◆ **Data to process**
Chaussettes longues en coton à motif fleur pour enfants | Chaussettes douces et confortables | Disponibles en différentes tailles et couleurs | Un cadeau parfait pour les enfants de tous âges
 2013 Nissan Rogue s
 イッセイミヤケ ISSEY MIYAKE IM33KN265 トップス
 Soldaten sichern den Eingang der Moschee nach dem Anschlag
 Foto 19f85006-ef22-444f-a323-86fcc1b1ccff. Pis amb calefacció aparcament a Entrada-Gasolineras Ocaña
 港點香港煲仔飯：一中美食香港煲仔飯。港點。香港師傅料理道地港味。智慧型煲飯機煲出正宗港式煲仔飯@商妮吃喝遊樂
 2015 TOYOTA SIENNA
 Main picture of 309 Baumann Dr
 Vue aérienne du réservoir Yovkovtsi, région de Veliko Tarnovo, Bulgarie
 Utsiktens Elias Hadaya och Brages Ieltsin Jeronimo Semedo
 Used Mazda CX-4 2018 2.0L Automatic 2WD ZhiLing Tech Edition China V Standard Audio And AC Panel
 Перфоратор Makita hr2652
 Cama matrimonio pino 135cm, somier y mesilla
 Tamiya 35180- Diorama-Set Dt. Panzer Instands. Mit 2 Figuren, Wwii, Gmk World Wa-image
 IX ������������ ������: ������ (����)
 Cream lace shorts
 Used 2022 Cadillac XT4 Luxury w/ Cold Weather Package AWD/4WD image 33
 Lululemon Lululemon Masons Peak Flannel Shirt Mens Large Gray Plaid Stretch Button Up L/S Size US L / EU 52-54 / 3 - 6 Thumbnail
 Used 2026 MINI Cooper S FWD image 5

◆ **Exercise**
Both end lines included, restate word for word the lines above from the line with "Vue aérienne du" to the line with "Cama matrimonio pino 135cm, somier y mesilla", and nothing else.

◆ **Result below**
 Vue aérienne du réservoir Yovkovtsi, région de Veliko Tarnovo, Bulgarie
 Utsiktens Elias Hadaya och Brages Ieltsin Jeronimo Semedo
 Used Mazda CX-4 2018 2.0L Automatic 2WD ZhiLing Tech Edition China V Standard Audio And AC Panel
 Перфоратор Makita hr2652
 Cama matrimonio pino 135cm, somier y mesilla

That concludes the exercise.